In den sozialen Medien wurden auch von offizieller Seite Aussagen zur Thematik Kindergartensituation und Kindergartenstandort getätigt, die einer genaueren Überprüfung bedürfen. Wir möchten die unterschiedlichen Aussagen in der Form eines Faktenchecks betrachten und Licht ins Dunkel bringen.
Behauptung: Die aktuelle Notlage bei Betreuungsplätzen war kaum vorhersehbar.

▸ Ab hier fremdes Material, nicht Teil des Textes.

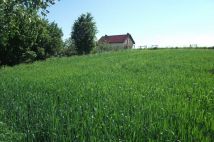 Działka rolno-budowlana Osiek, ul. Główna. Zdjęcie 2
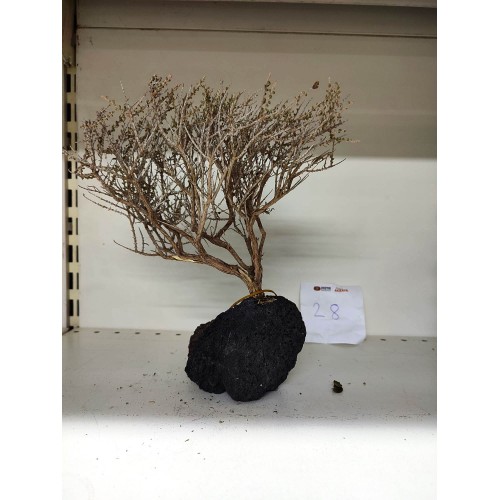 Özel Tasarım Akvaryum Dekoratif Ağaç Kaya 23*26 Cm No:28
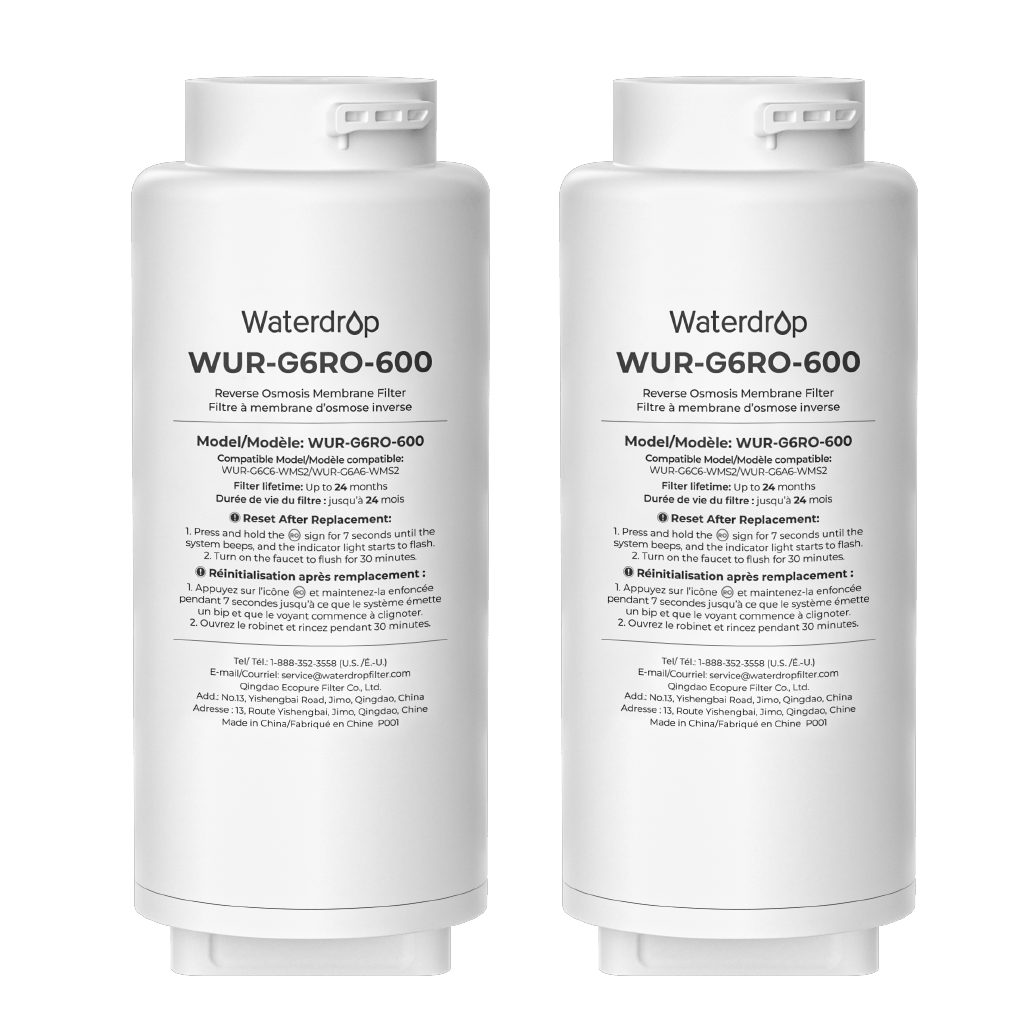 G6RO Replacement Filter for G6A6 Undersink RO System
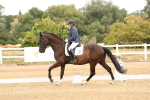 SBM_000772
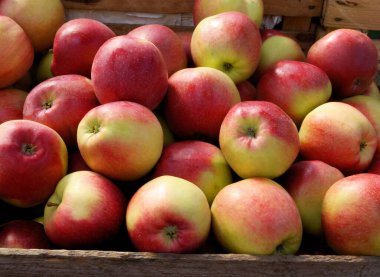 tasty apples as healthy vegetarian food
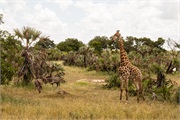 059-052-KrugerOrpenGate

In Hülzweiler werden bereits seit Jahren zusätzliche Kindergartenkapazitäten benötigt. Schon 2017/18 wurden Notgruppen in der Hülzweiler Kita eingerichtet, die dann nach Schwalbach in die neue Kita Alberoschule I umziehen mussten. Bereits seit dieser Zeit muss eine große Zahl Hülzweiler Kinder wegen strukturell bedingter Unterkapazität notgedrungen in Schwalbacher Kindergärten untergebracht werden.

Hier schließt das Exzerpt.